I have the same question as jorei499, this example does not make sense to me. I am still struggling to understand the vcf format. I ran readbackedphasing on 100 samples (sequenced from PCR amplicons, each read covers all variable sites). I find in every case that the first heterozygous site is unphased. I can open the fasta alignment and easily see what the phasing should be. Is this normal?
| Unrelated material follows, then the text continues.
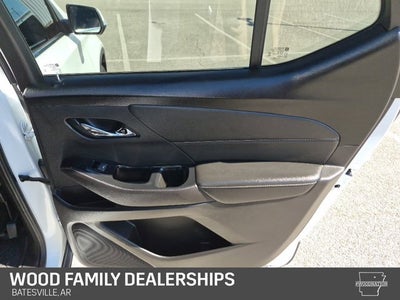 2023 Chevrolet Traverse AWD LT Leather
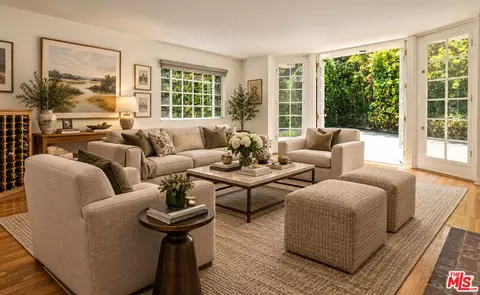 1041 Chantilly Rd, Los Angeles, CA 90077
How do I interpret this?

205_phased.txt

300_phased.txt

From Geraldine_VdAuwera on 2014-04-17

@amy I’m sorry but I don’t understand your question, can you please clarify? Do you have a VCF file that does not have AD and DP for the samples?

From Geraldine_VdAuwera on 2014-04-17

@HeidiJTP‌, have a look at the part of the doc that says:

> Note that the first heterozygous genotype record in a pair of haplotypes will necessarily have a “/” – otherwise, they would be the continuation of the preceding haplotypes.

From HeidiJTP on 2014-04-17

Thanks so much for always responding quickly Geraldine. Does this mean that there is no way to determine the phase of the first heterozygous site using this method?

From Geraldine_VdAuwera on 2014-04-17

@HeidiJTP‌ The key here is that all the other sites after it are phased relative to that first site — so by definition, it is phased (arbitrarily). I agree that the notation is ambiguous and confusing, but that’s the format…

From HeidiJTP on 2014-04-18

Ok thanks. I wasn’t sure because the sample I was looking at had previously been typed differently, but I believe the issue was specific to that sample. Thanks for clearing that up for me!

From amy on 2014-04-22

> @Geraldine_VdAuwera said:

> amy I’m sorry but I don’t understand your question, can you please clarify? Do you have a VCF file that does not have AD and DP for the samples?

The phased VCF file is the output form Read-backed phasing which only includes format GT:GL:GQ:(PQ) (just like the example in this page). My question is that can I ask other FORMATs like AD and DP? I would like to know the allelic counts. Thank you Geraldine!

From Geraldine_VdAuwera on 2014-04-22

Hi @amy,

I think the latest version should output those fields, if you started out with a VCF produced by GATK. Let me know if you find that’s not the case.

From bvecchio on 2014-04-23

Hi Geraldine,

I am continuing my analysis of re-sequencing data for a 200kb region in 600 unrelated samples. I have successfully used the ReadBackedPhasing tool and believe I will be able to take the output and feed it into BEAGLE for additional population based phasing of INDELs (which are not phased via the read based algorithm). I am wondering if you know of a tool available which will generate a consensus sequence for phased regions, or that will easily allow determination of phase of SNPs in a given region. For example, I’d like to query the phased VCF output of BEAGLE for a given snp, SNP A, and determine if it was found on the same haplotype has SNP B in a given individual (without delving into the VCF by hand in a text editor).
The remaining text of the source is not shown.